Nothing but the images is to be left out of your exact copy of the entries.

(Web page caption snippets)
· · ·

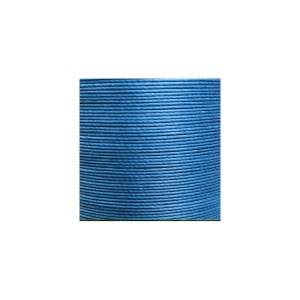 Ata de cusut Meisi Superfine 0.45 mm 10 m pentru piele - Img 17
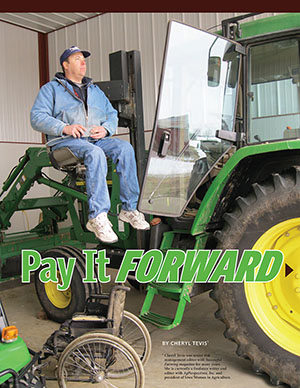 Posselt cover SM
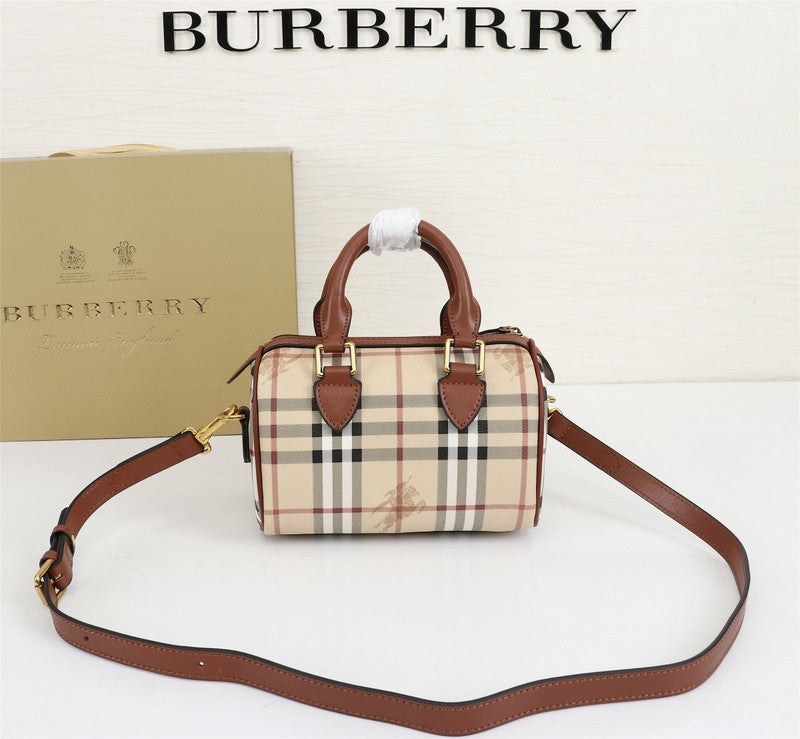 LTB Fashion -BBR Bags - 900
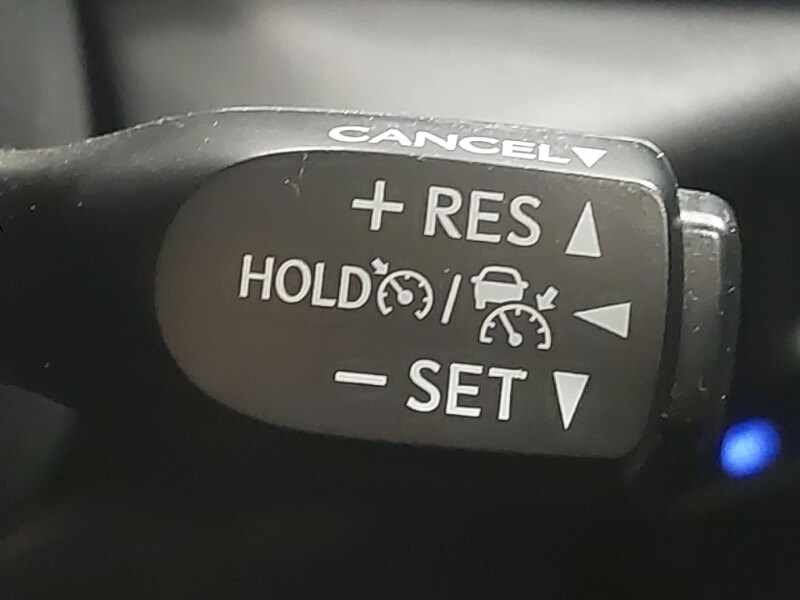 Used Toyota C-HR 2020 for sale - 77815432: Photo 16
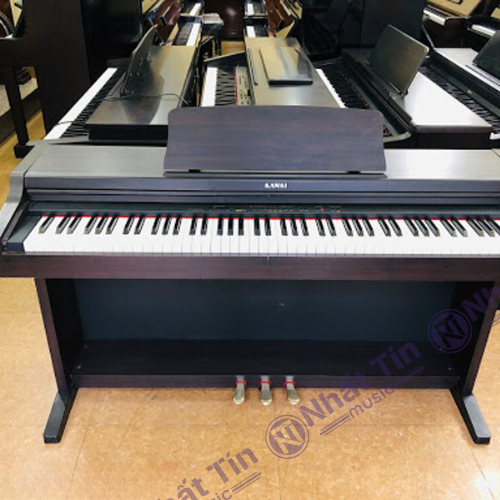 Đàn piano điện Kawai PN290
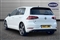 Volkswagen Golf Image 3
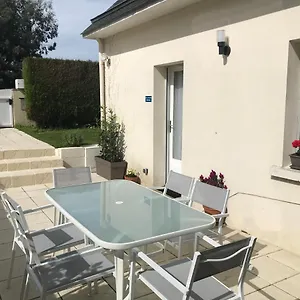 https://gite-la-briantaise.inbrittany.com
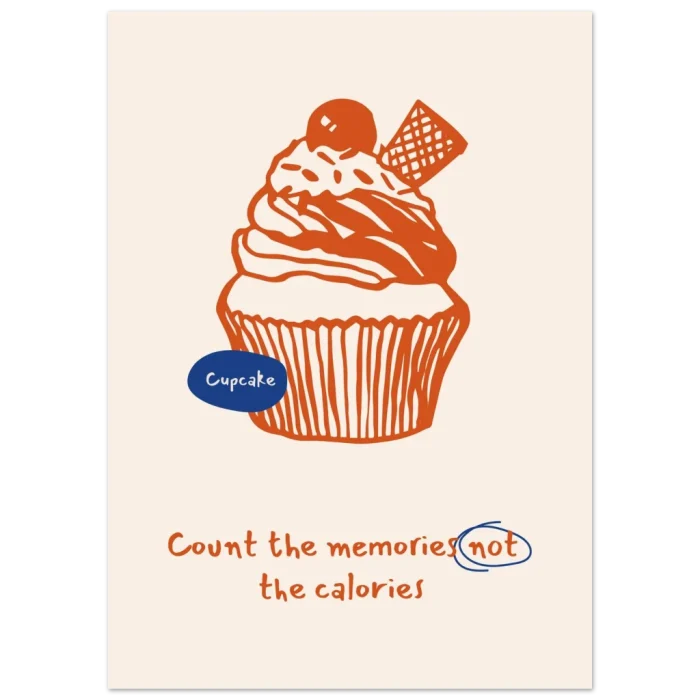 cbf5773f-d195-4233-b6e4-55db22be96cb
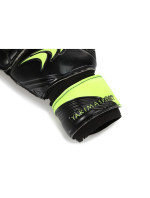 Brankářské rukavice Yakima Sport GripMaster 9 100726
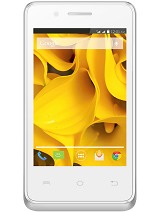Best available price of Lava Iris 350 in S54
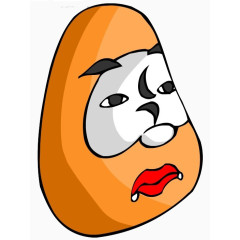 中国  戏曲  京剧  文化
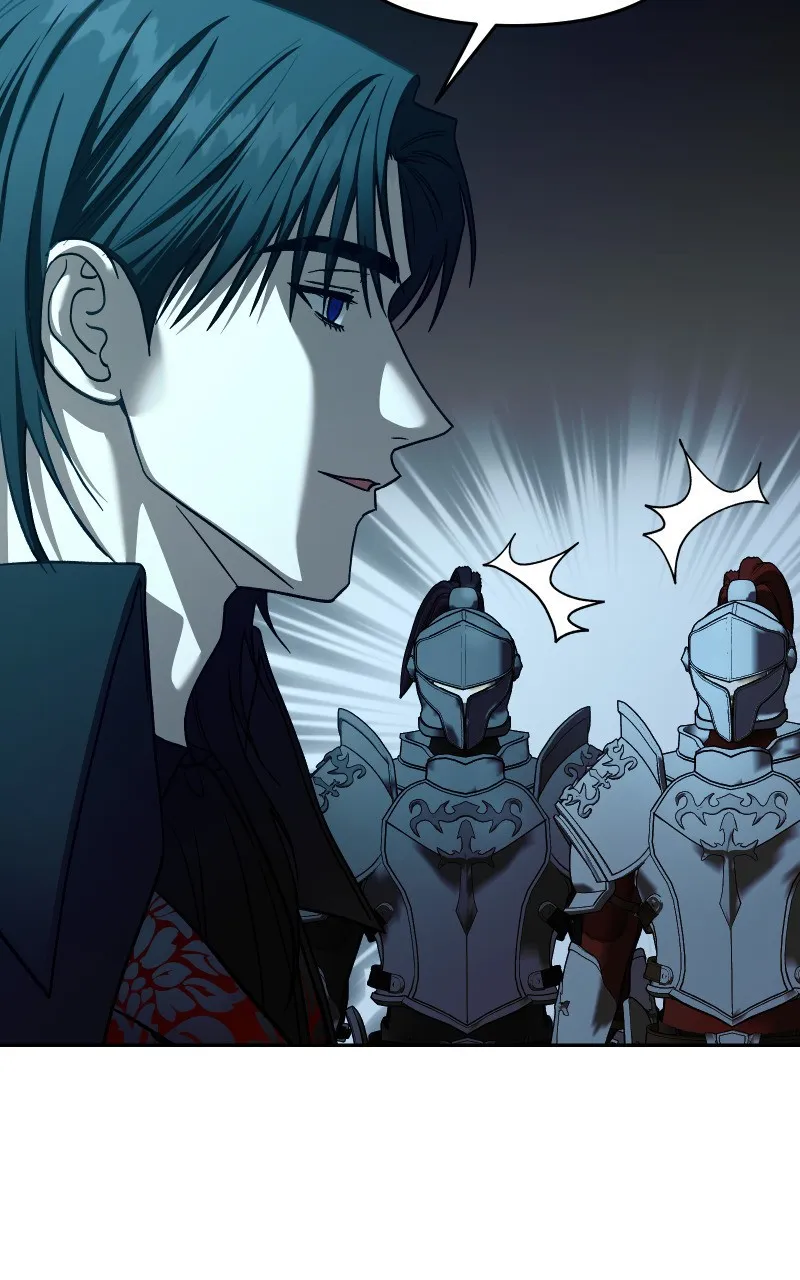 Read Call Me The Devil FR Manga Online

· · ·

### Exercise answer
 Ata de cusut Meisi Superfine 0.45 mm 10 m pentru piele - Img 17
 Posselt cover SM
 LTB Fashion -BBR Bags - 900
 Used Toyota C-HR 2020 for sale - 77815432: Photo 16
 Đàn piano điện Kawai PN290
 Volkswagen Golf Image 3
 https://gite-la-briantaise.inbrittany.com
 cbf5773f-d195-4233-b6e4-55db22be96cb
 Brankářské rukavice Yakima Sport GripMaster 9 100726
Best available price of Lava Iris 350 in S54
 中国  戏曲  京剧  文化
 Read Call Me The Devil FR Manga Online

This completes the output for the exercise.